Contudo, a solidão de ser invejado
num futuro feliz enquanto objeto dos olhares dos seus pares, terá gerado a
separação destes, fazendo do glamour
a promessa frustrada da democracia. Alcançar essa felicidade, exige assim,
segundo o autor, a necessidade de destruir o paradigma publicitário daquilo que
queremos ser, o que será alcançável apenas através do derrube do capitalismo,
que nos deixa impotentes e desempoderados, afastando-nos do tempo presente, com
promessas recorrentes de satisfação a cada compra.
Tal só se conseguirá pela
concretização do ideal de democracia que, segundo o autor, terá ficado a meio
caminho com a associação, sustentada pela máxima do individualismo, entre os conceitos
de democracia e capitalismo promovida pelas grandes corporações. E esse derrube
só será possível pela desconstrução da ideia de naturalização.
De facto, só através da realização de
juízos críticos que utilizem estratégias de desfamiliarização (desconstruindo o
que nos é familiar), conseguiremos deixar de tomar como naturais as mensagens
que nos são transmitidas desde a infância, através de narrativas que se
perpetuam no tempo, suportadas por esta e outras estratégias que asseguram a
indeterminação dos sentidos e a continuidade do establishement definido pelo poder económico. A publicidade usa e
promove esse artefacto de continuidade da narrativa.
Entre essa e outras estratégias
subjacentes às mensagens publicitárias, encontramos as já acima abordadas da obsolescência
embutida ou planeada dos bens[1];
da ambiguidade generativa das mensagens publicitárias[2];
o recurso recorrente à sexualidade e ao glamour
e à imagem projetada de felicidade na posse do bem; e também a mistificação[3]
que muitas vezes é utilizada na promoção desses bens, com recurso a referências
diretas ou indiretas a obras de arte, oferecendo a ideia de luxo, unicidade e
valor cultural ao bem publicitado.
Pedro
Penaguião
[1] Esta estratégia induz os consumidores a participarem no fluxo
desregrado da economia, de forma a dinamizá-la com uma sua renovação
permanente, ainda que desnecessária, através de uma produção exploratória da
mão-de-obra dessas mesmas pessoas, que cedo foram familiarizadas com a ideia de
alienar esse seu tempo presente, através da futura aquisição de um bem
idealizado.
[2] Pelo facto de muitas vezes os anúncios não especificarem o que está a
ser vendido, o consumidor projeta-se na narrativa associada aos mesmos.

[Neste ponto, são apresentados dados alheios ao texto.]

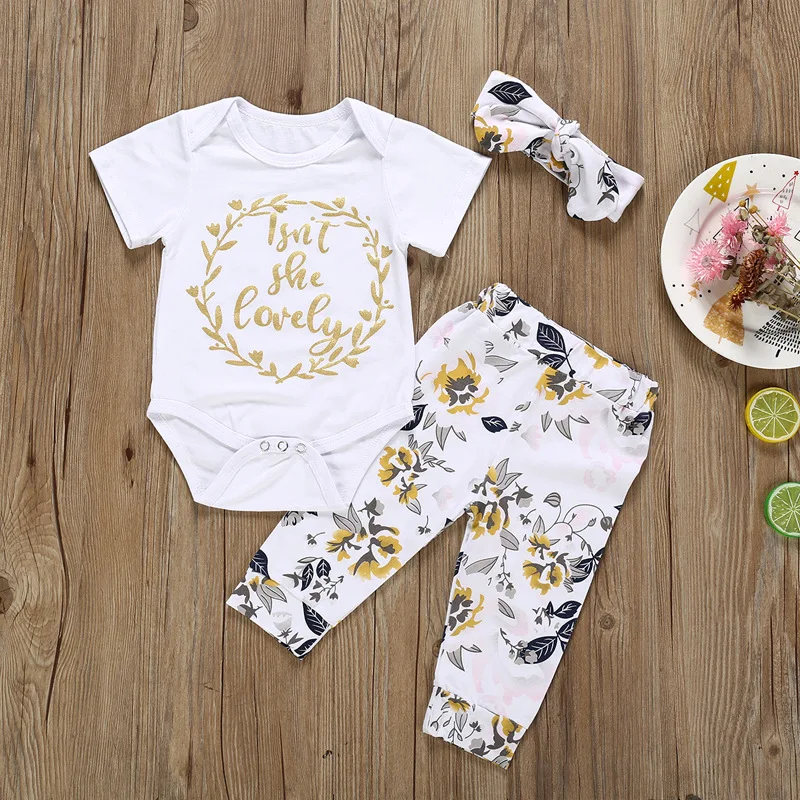 Toddler Baby Girl Short Sleeve Floral Romper flower Pants Headband Outfits Set Newborn Infant Causal Clothes Set, Picture show
Toddler Baby Girl Short Sleeve Floral Romper flower Pants Headband Outfits Set Newborn Infant Causal Clothes Set, Picture show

[3] Segundo J. Berger, as imagens do passado terão sido mistificadas em
função da pressão de uma minoria privilegiada em inventar uma história que
permitisse justificar o papel da classe governante. Era assim antigamente com
as obras de arte do passado, e é assim atualmente com a referência publicitária
às obras do cânone artístico e cultural, com a transmissibilidade do
significado e da autoridade das obras artísticas para o mundo publicitário.